**HOW TO COMPLETE THIS TASK:** From the line that contains "モデル身長：159cm / 着用カラー：アイボリー" to the last line of the records below, retype each line exactly; leave out everything else.

**MATERIAL SUPPLIED:**
BEGIN
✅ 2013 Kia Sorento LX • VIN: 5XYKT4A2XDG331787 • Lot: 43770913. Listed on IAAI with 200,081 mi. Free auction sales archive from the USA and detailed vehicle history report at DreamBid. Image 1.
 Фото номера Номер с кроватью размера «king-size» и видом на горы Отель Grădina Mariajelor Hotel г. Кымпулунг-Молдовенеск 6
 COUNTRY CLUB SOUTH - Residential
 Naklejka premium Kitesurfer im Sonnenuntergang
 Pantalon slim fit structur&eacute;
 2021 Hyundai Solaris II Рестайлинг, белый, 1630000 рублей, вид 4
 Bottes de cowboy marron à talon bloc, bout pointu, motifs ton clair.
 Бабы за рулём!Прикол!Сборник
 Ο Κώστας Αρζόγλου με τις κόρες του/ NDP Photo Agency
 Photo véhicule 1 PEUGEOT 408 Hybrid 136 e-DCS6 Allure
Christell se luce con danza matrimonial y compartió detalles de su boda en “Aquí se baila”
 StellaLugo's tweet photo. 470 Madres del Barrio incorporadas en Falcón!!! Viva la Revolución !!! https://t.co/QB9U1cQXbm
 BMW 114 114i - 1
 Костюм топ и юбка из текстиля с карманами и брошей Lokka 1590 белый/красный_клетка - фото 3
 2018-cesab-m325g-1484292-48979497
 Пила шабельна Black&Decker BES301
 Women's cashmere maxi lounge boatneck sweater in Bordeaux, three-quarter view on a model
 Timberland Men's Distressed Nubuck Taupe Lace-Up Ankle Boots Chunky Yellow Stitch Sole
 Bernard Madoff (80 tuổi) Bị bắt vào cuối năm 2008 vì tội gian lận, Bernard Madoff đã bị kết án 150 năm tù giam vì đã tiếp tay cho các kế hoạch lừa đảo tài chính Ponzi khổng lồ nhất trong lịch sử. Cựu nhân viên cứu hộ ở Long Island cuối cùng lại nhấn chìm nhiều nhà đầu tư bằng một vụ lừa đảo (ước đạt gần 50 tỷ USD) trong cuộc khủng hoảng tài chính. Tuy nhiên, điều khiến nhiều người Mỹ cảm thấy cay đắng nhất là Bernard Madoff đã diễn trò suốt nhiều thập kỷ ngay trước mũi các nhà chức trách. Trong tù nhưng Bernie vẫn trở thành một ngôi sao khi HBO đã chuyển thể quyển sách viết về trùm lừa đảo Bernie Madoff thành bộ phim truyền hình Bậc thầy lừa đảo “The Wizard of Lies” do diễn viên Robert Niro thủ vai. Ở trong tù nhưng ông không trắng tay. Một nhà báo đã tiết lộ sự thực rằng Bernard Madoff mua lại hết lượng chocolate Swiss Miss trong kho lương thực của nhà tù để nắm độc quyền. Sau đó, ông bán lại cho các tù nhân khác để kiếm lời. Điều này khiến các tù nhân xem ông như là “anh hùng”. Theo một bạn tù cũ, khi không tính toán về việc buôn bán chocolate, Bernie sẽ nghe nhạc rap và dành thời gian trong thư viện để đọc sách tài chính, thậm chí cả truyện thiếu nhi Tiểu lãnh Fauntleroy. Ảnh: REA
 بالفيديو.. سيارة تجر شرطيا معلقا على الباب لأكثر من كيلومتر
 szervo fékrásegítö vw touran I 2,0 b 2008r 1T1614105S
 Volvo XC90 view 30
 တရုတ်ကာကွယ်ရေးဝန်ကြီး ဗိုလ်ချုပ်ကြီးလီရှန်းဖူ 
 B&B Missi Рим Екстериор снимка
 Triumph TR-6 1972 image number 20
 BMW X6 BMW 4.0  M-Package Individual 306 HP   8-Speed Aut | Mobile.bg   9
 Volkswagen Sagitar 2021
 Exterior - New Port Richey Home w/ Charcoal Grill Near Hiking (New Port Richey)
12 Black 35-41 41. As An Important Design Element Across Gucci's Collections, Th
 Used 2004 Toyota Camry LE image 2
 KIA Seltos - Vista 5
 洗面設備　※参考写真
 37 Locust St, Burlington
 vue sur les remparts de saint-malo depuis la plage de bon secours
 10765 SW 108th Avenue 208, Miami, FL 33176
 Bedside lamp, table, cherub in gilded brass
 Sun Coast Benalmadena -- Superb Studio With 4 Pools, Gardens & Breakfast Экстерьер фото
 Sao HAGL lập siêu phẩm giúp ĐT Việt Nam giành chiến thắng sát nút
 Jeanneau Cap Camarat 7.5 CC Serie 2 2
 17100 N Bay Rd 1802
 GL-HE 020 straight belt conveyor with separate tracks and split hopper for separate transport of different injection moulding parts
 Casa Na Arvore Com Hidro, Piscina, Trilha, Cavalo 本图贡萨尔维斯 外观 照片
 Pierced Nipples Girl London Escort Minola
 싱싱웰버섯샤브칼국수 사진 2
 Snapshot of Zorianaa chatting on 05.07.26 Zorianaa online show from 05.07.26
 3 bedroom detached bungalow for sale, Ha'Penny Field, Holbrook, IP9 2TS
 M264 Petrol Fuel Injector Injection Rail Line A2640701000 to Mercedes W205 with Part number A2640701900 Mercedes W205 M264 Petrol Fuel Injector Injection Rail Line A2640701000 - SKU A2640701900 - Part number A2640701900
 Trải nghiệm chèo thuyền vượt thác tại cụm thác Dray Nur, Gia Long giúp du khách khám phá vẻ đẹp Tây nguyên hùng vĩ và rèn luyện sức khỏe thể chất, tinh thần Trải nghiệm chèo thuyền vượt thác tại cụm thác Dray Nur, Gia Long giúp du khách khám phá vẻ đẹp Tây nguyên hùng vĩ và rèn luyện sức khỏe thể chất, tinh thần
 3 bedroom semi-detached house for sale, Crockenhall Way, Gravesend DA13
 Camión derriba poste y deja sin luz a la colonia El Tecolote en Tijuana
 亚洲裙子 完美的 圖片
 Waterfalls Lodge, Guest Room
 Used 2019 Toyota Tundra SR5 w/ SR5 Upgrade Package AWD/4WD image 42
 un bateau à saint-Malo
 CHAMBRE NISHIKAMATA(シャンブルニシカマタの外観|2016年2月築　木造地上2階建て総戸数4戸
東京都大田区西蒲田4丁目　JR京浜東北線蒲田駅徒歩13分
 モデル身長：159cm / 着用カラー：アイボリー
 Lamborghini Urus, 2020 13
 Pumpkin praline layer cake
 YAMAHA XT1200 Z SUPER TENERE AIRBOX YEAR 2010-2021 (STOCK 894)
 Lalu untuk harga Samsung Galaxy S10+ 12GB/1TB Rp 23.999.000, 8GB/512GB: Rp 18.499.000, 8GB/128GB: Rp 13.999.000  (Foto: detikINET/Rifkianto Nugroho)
END
**OUTPUT FOR THIS TASK:**
 モデル身長：159cm / 着用カラー：アイボリー
 Lamborghini Urus, 2020 13
 Pumpkin praline layer cake
 YAMAHA XT1200 Z SUPER TENERE AIRBOX YEAR 2010-2021 (STOCK 894)
 Lalu untuk harga Samsung Galaxy S10+ 12GB/1TB Rp 23.999.000, 8GB/512GB: Rp 18.499.000, 8GB/128GB: Rp 13.999.000  (Foto: detikINET/Rifkianto Nugroho)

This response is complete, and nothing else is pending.